Jonah was in anguish when God cancelled his sentence for two reasons. He knew that the survival of Nineveh meant that his own kingdom of Israel would not receive the extension of resurgence and life that it would have gained if Nineveh had been annihilated. Jonah also surely realized that he had “outsmarted himself.” In his eagerness to guarantee the destruction of Nineveh by choosing to not go there as God had initially commanded him, Jonah had inadvertently caused the very repentance of Nineveh which he had hoped to prevent by dying instead of fulfilling his divinely-appointed mission. Jonah’s appearance out of the mouth of a sea-creature and his altered appearance gave his message a credibility that it would never have had if he had obediently gone to Nineveh as he was first told. Jonah had only himself to “blame” for Nineveh’s repentance and survival. Knowing his decision had hastened the doom of the kingdom of Israel, Jonah was suicidal (Jonah 4:8-9) and wanted to die. Jonah was inconsolable. Even God’s comforting and a miracle by God to give him shade could not change Jonah’s anguish.

At this juncture, the book of Jonah ends suddenly. We do not know Jonah’s end. Minimalists and biblical critics do not believe the book of Jonah literally happened as recorded. I believe it literally happened. What are the lessons that we can learn from this book.

One lesson is that no one can outwit or manipulate God to one’s own human purposes. Jonah’s attempt to guarantee his own desired end for Nineveh by disobeying God resulted in the exact opposite outcome which Jonah anticipated. Indeed, it was the circumstances of how his own disobedience unfolded that resulted in Nineveh’s repentance. God’s purposes will always prevail.

A second lesson is that Jonah’s disobedience was not at all an act of rebellion versus God. Jonah fully expected to die because of that disobedience and he was reconciled to his fate. In essence, Jonah did a wrong thing for a noble reason. He was offering to give up his own life as a sacrifice to ensure the survival of his entire nation of Israel. God saw Jonah’s self-sacrificial attitude and did a profound miracle to keep Jonah alive, and give him a second chance to complete his assigned mission.

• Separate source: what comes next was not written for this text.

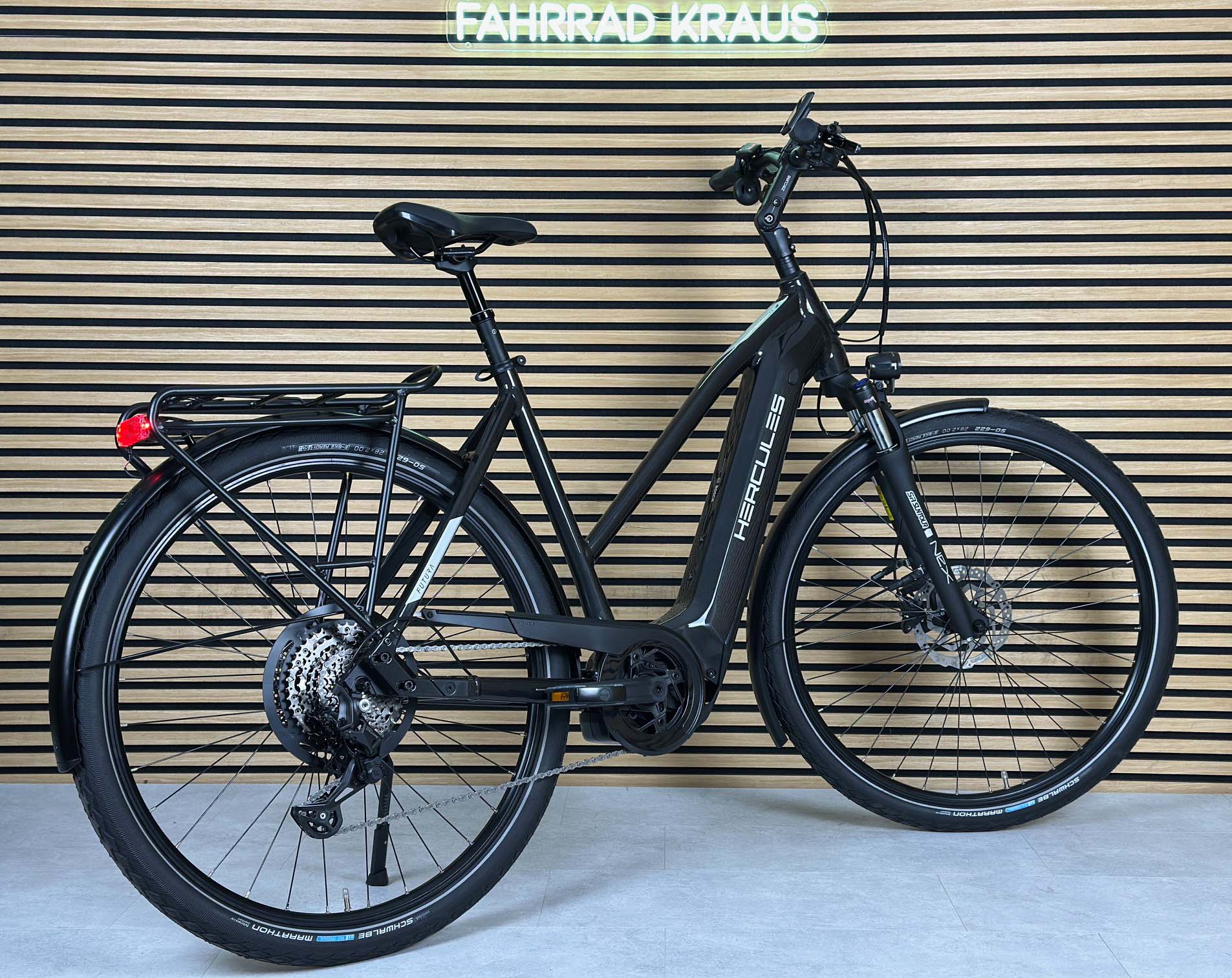 Hercules Futura I-10 schwarz | 625WH | E-Bike Damen Trekking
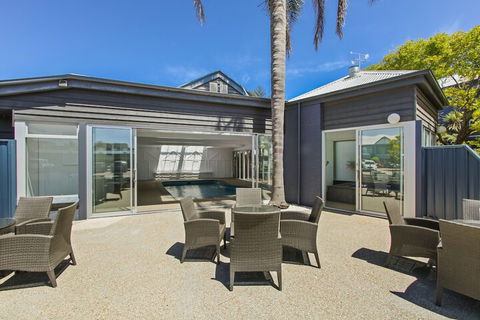Bellevue On The Lakes - Tweed Heads Accommodation 4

Finally, we now know why Jesus Christ compared himself to Jonah instead other Old Testament prophets. There were three parallels between Jonah and the Savior’s life which came centuries later. Both could sleep in a boat in the middle of a raging storm. Jonah was three days and three nights in the belly of a beast even as Jesus Christ was three days and three nights in the belly of the earth (the grave). However, the parallel that this article wishes to focus on is that Jonah’s willingness to offer himself as a personal sacrifice for his entire nation exhibited the same attitude of self-sacrifice that the Savior would exhibit in offering himself for the salvation of all nations.

Perhaps after reading this article, you may have a more compassionate evaluation of Jonah, the disobedient prophet who was anguished when his mission ultimately resulted in the repentance of his target audience. Jonah was not thinking of himself in this episode. He tried to save his nation by dying, and failed. Jonah tried to engineer his own death so the Ninevites would all die at the hands of God. In the end, both he and the Ninevites lived. The book of Jonah illustrates that no one can impose a desired outcome upon the Almighty.

I wonder how long Jonah lived out the remainder of his life, grieved by the realization that his desired outcome (the destruction of Nineveh) would likely have actually happened if had simply obeyed God in the first place?